Can You Use Single Instead of Double Cream?

Kitchen-reviewed Updated Jun 2026 Written from established cooking principles and checked for sense and safety. Not independently lab-tested.
Single and double cream in two jugs

Sometimes

Best ratio: Swap 1:1 by volume for pouring and enriching. To thicken a sauce, add a little cornflour, as single cream is thinner and won't reduce down.

Single and double cream differ mainly in fat content — double has around twice as much — and that changes what each can do. You can often use single cream in place of double, but only for certain jobs.

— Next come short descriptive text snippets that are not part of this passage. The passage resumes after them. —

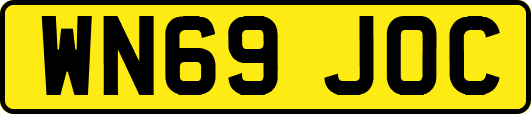 WN69JOC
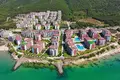 1 bedroom apartment 94 m² Sveti Vlas, Bulgaria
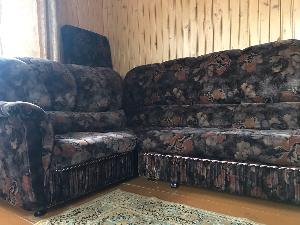 Угловой диван в селе Верхнеяркеево 6PeRrWL_MbI.jpg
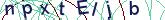 Code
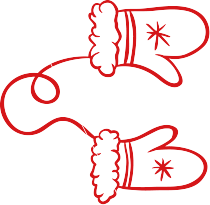 0 (1).png 0 (1).png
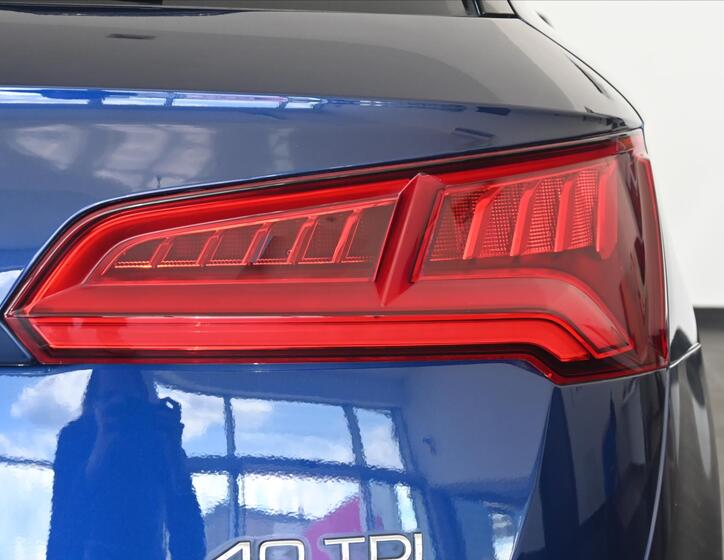 Audi Q5 36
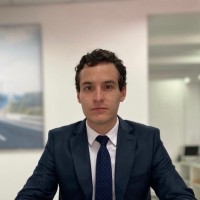 Juan Esteban Roca Argüello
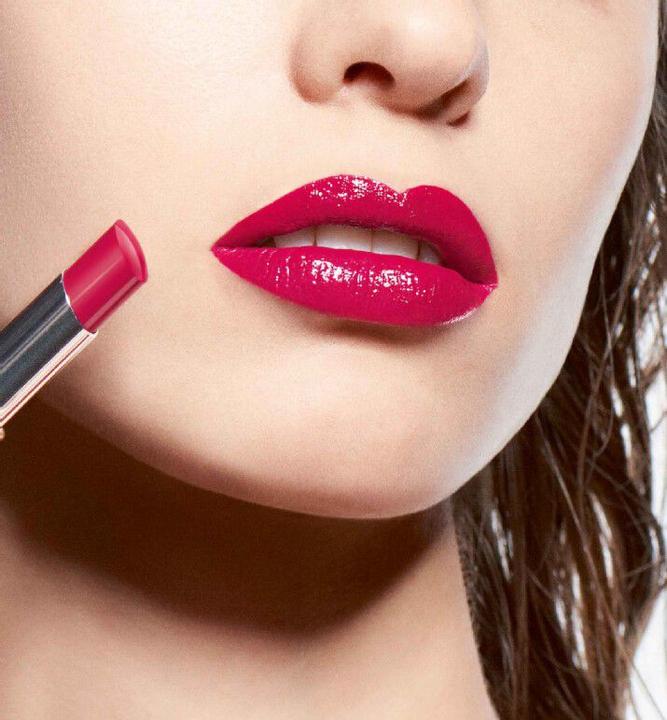 Productafbeelding Dior Addict Gel Lacquer Stick 877 Turn me (877 Draai me Dior)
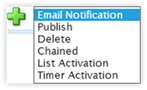 Title: Options For Creating New Rules - Description: Options For Creating New Rules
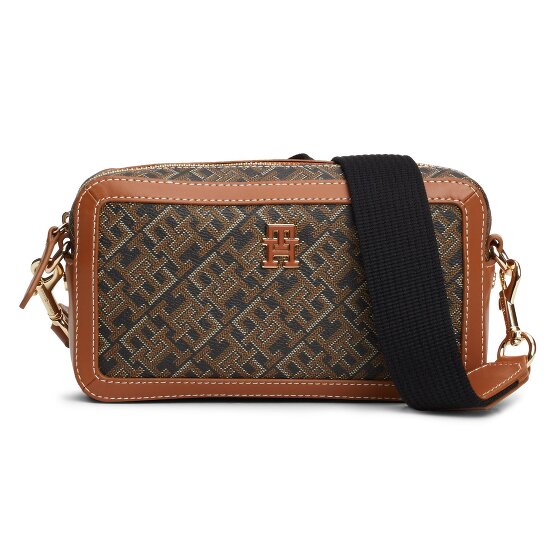 Tommy Hilfiger TH Monoplay Shoulder bag 21 cm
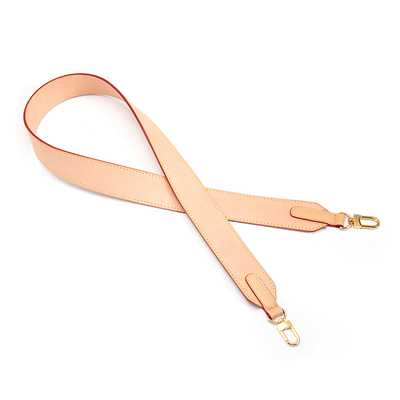 无它LV包包肩带改造NEVERFULL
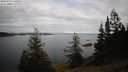 ./images/quadra/bluff/20201031/bluff20201031_155500M.jpg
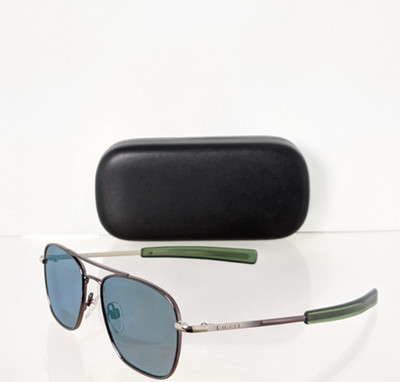 Brand Authentic Brand New Diesel Sunglasses DL 0219 Col. 08C Frame DL0219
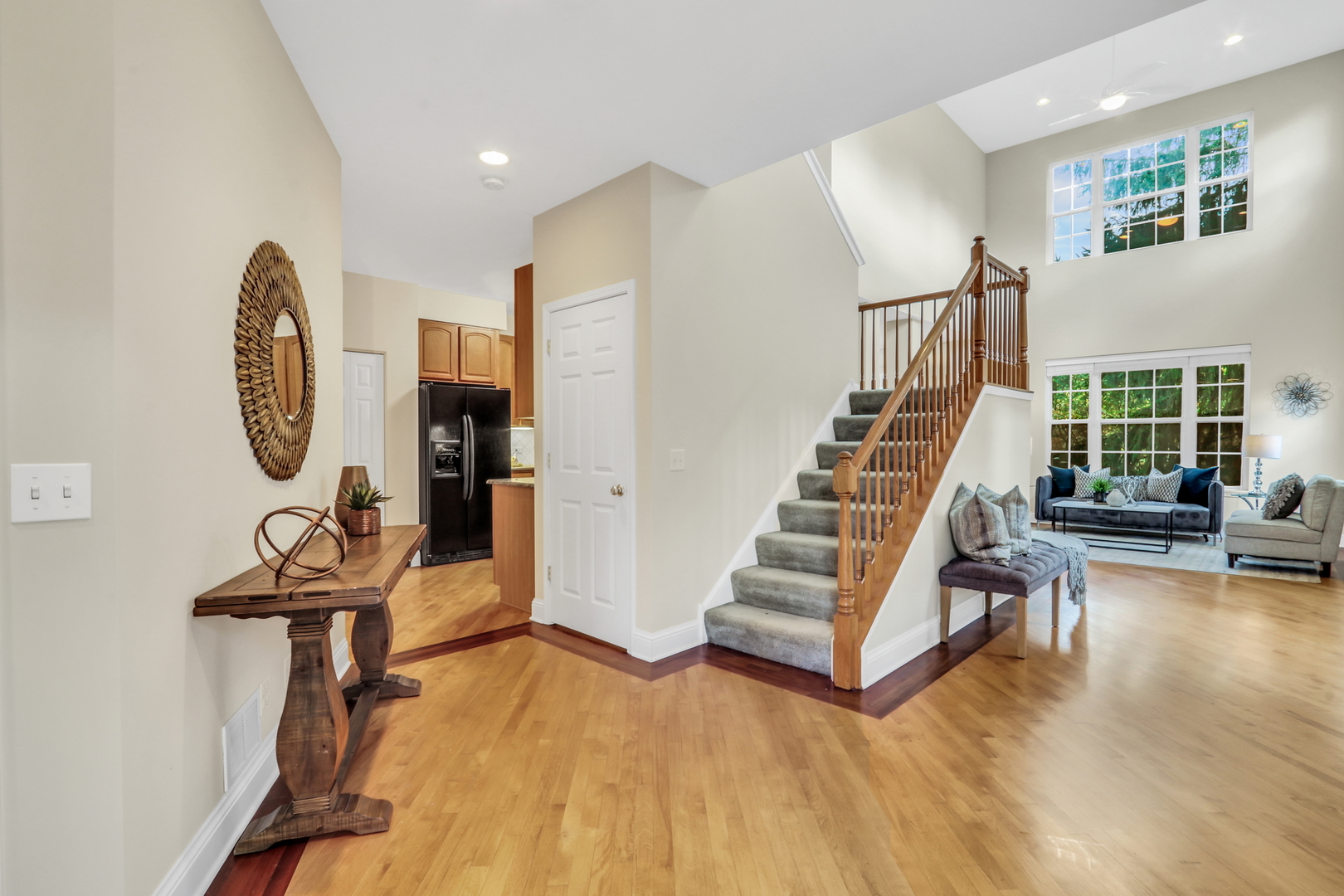 418 Bay Tree Circle
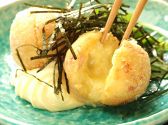 麦の蔵 錦のおすすめ料理3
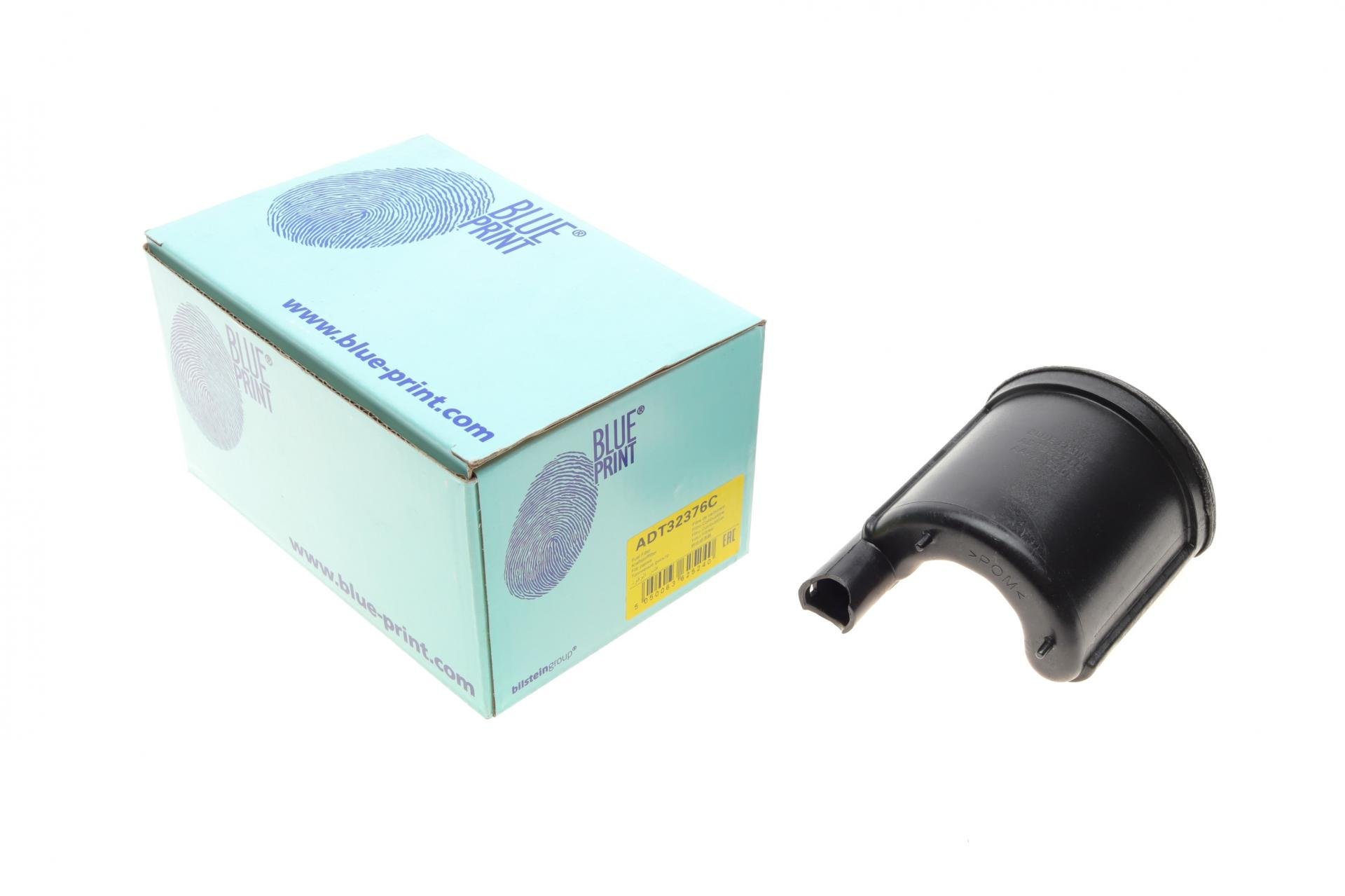 Фильтр топливный BLUE PRINT для Lexus GS 3,0/IS 2,0 97-05 (ADT32376C)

What single cream can and can’t do

For pouring and enriching — over a pudding, stirred into a soup or sauce — single cream works fine, just with a lighter, less luxurious result. Where it falls down is whipping (it hasn’t the fat to hold peaks) and boiling hard, where its lower fat content makes it curdle and split more easily. If you need a single-cream sauce to thicken, help it along with a little cornflour rather than trying to reduce it.

When it works

  • Pouring over puddings and fruit.
  • Stirring into soups, sauces and scrambled eggs for richness.
  • Adding to coffee or a light creamy dish.

When it doesn't work

  • Whipping — single cream doesn't have enough fat to hold peaks.
  • Boiling or reducing hard in a sauce, where it can curdle and split.

Taste & texture difference

Single cream is lighter and thinner than double, with about half the fat. Dishes come out less rich and less thick, and it's more prone to splitting when heated aggressively.